C’est le discours même des saxophones de Urs Leimgruber (ss, ts) qui nous aspire vers ces lieux. Des sons éraillés ou nasillards, des murmures, des vagissements, des jaillissements suraigüs, des souffles et des percussions, des segments richement stratifiés plutôt qu’un chant pur, ample et continu, tout un kaléidoscope de paysages sonores inconnus et frémissants, des vrilles entêtantes au soprano, des fouaillements profonds, des grognements vigoureux au ténor. Autant de textures, autant de paillettes sensibles pour une incantation à cette nature improbable.
Et comme « metteur en rêve », Jean-Marc Foussat. Qu’il s’agisse de nappes schisteuses, de météorites sonores, de frissonnements de cascades, de sombres vrombissements, de sifflements, de chants lointains, parfois à peine perceptibles, de mécaniques déraillantes, de clochettes jacassantes, il construit tout un édifice protéiforme pour enchâsser le discours de Urs Leimgruber, l’anticiper, le projeter en boucles balayant l’espace. De fait, il construit la cathédrale de cette liturgie avec une science de l’instant, des images, des granulations et des couleurs impressionnantes.

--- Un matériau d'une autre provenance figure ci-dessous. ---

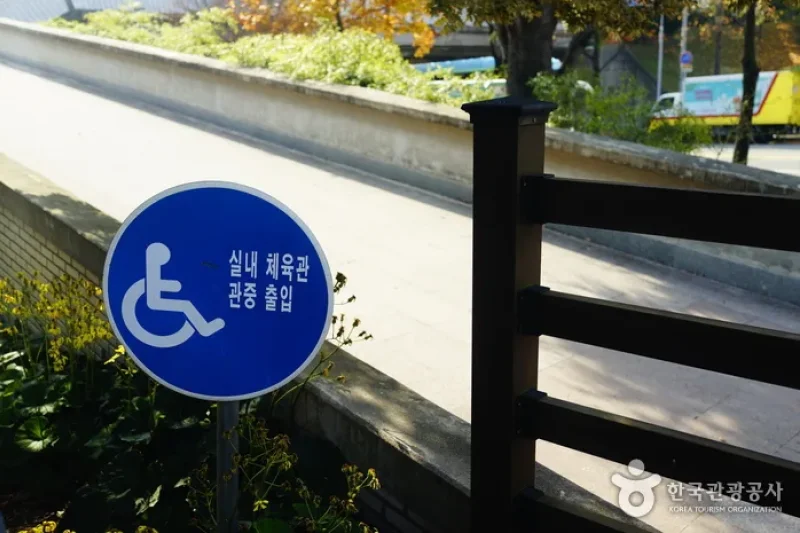 Busan Sports Complex  (3/11)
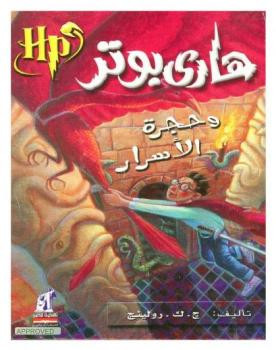 هاري بوتر وحجرة الأسرار ج ك رولينج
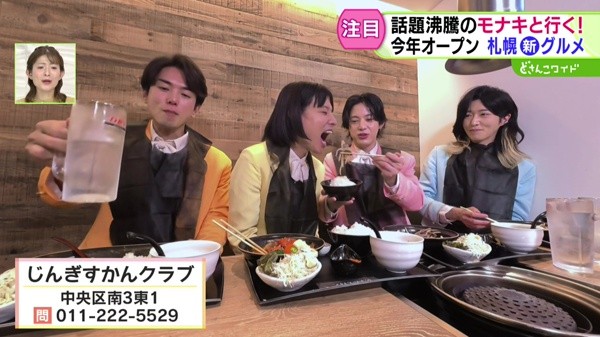 モナキと行く！札幌 新グルメめぐり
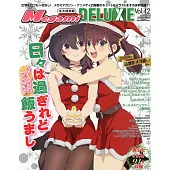 性感卡通美少女大集合 VOL.42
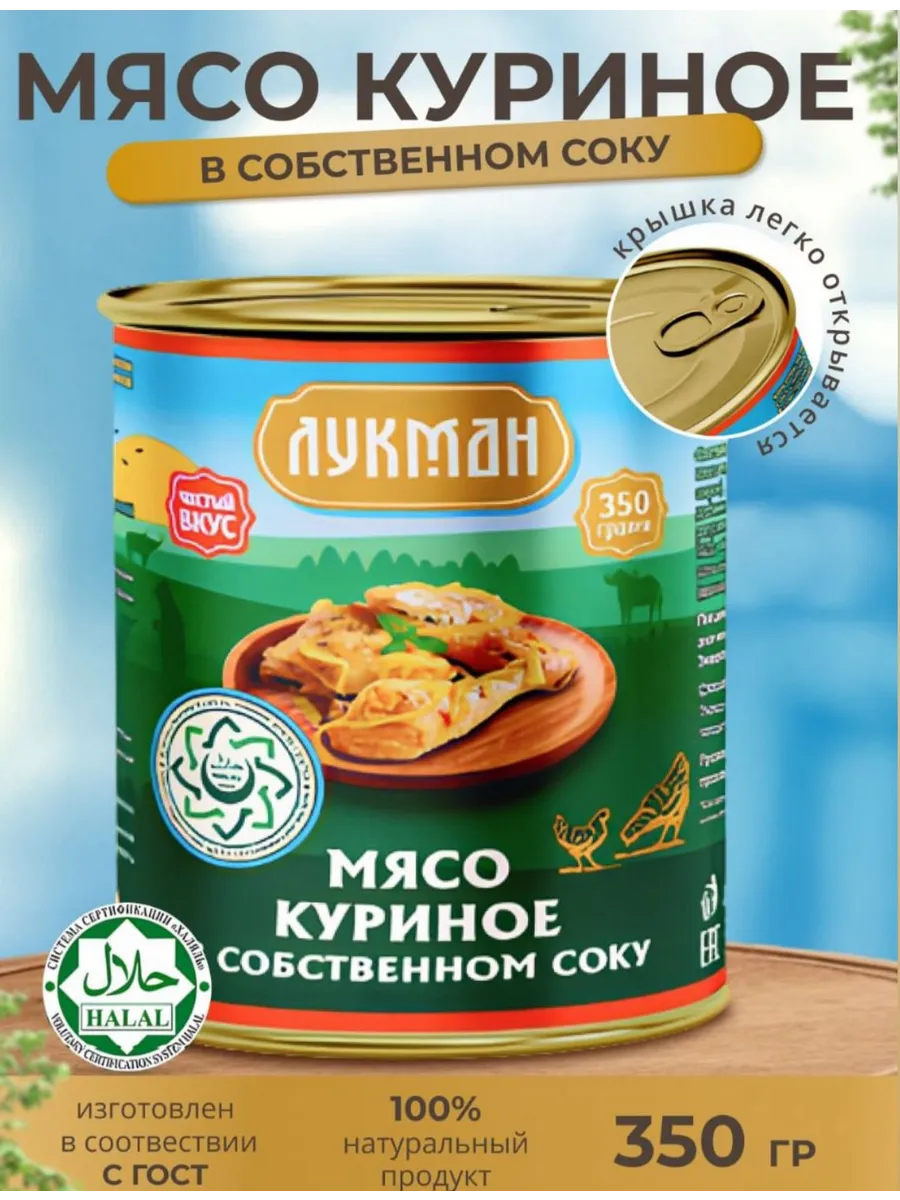 Мясо куриное в собственном соку Халяль 350г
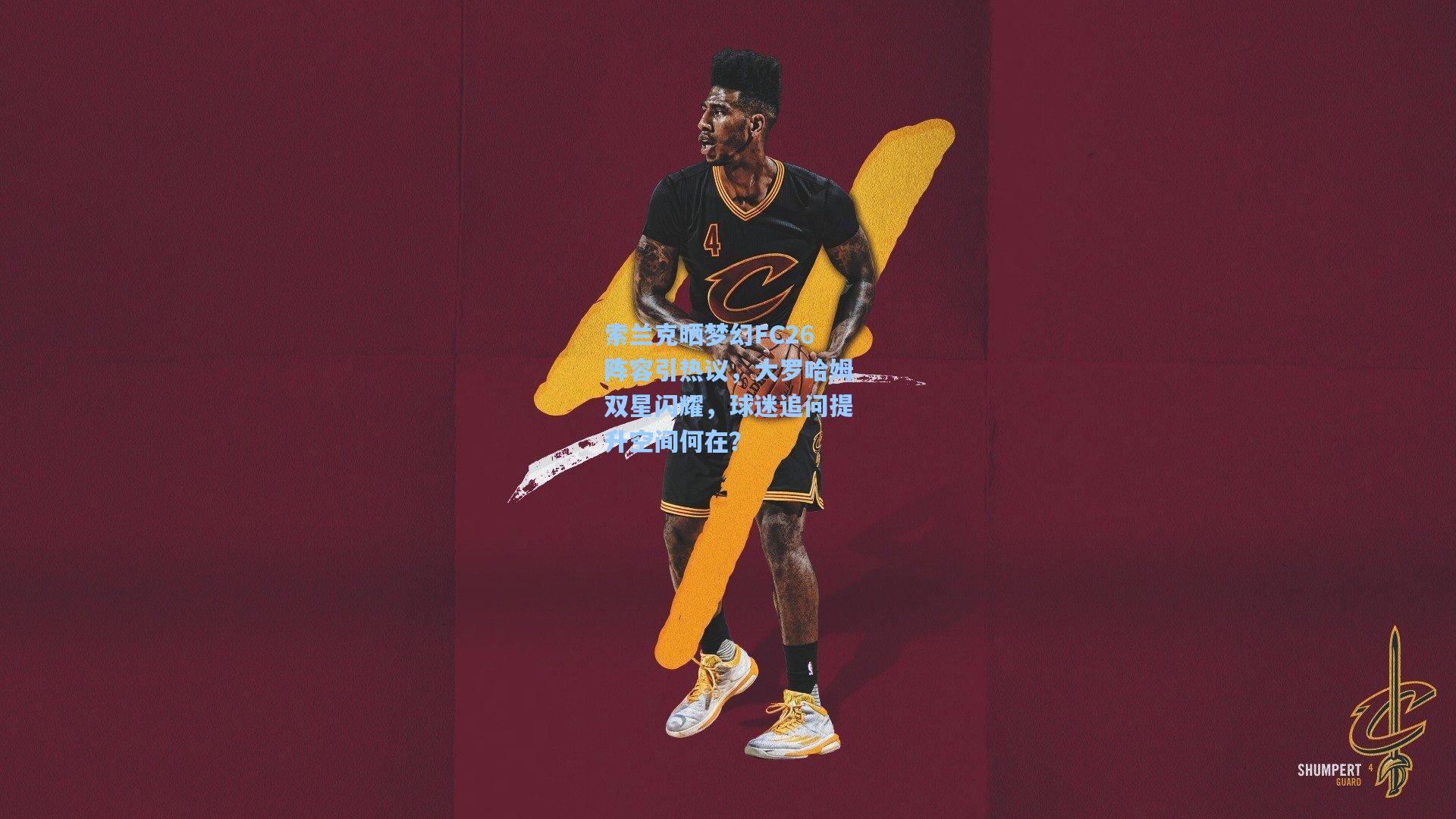 索兰克晒梦幻FC26阵容引热议，大罗哈姆双星闪耀，球迷追问提升空间何在？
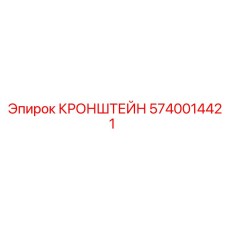 5740014421 КРОНШТЕЙН Epiroc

« Luxerna », lumière de Lucerne (lieux du second concert) ou clin d’œil à Ligeti (Lux Aeterna) ou peut-être évocation d’un certain abbé*. Un second concert à la puissance comparable au premier. Murmures et souffles, vents stellaires, aboiements lointains, pluies et ruissellements, balbutiements de l’ère spatiale, cris plaintifs d’une petite bête épuisée, roue rouillée, pépiements entêtés, élégie, stridences, virevoltes éraillées, disque rayé ... Tous ce maelström onirique, ces mécanismes erratiques, ces granulats sonores nous entraînent irrémédiablement tel un puissant courant marin dont on ne ressort qu’éjecté par la fin de la liturgie fantasmatique.

On ne sait rien de l’acoustique des deux lieux. Peut-être y avait-il un ingénieur du son qui projetait en direct sur un acousmonium (orchestre de haut-parleurs) les créations musicales avec une science quasi démoniaque. On peut plutôt imaginer qu’il y a eu un très beau travail de mise en espace pour préparer cet album.

Une réelle plénitude physique à l’issue de quatre-vingt minutes de communion. Un yoga musical.

À noter, un très beau texte de pochette de Franpi

* L’abbé de Luxerna osa prétendre en 1494 face à Colomb que Cuba est une île et non le point de passage terrestre vers la Chine.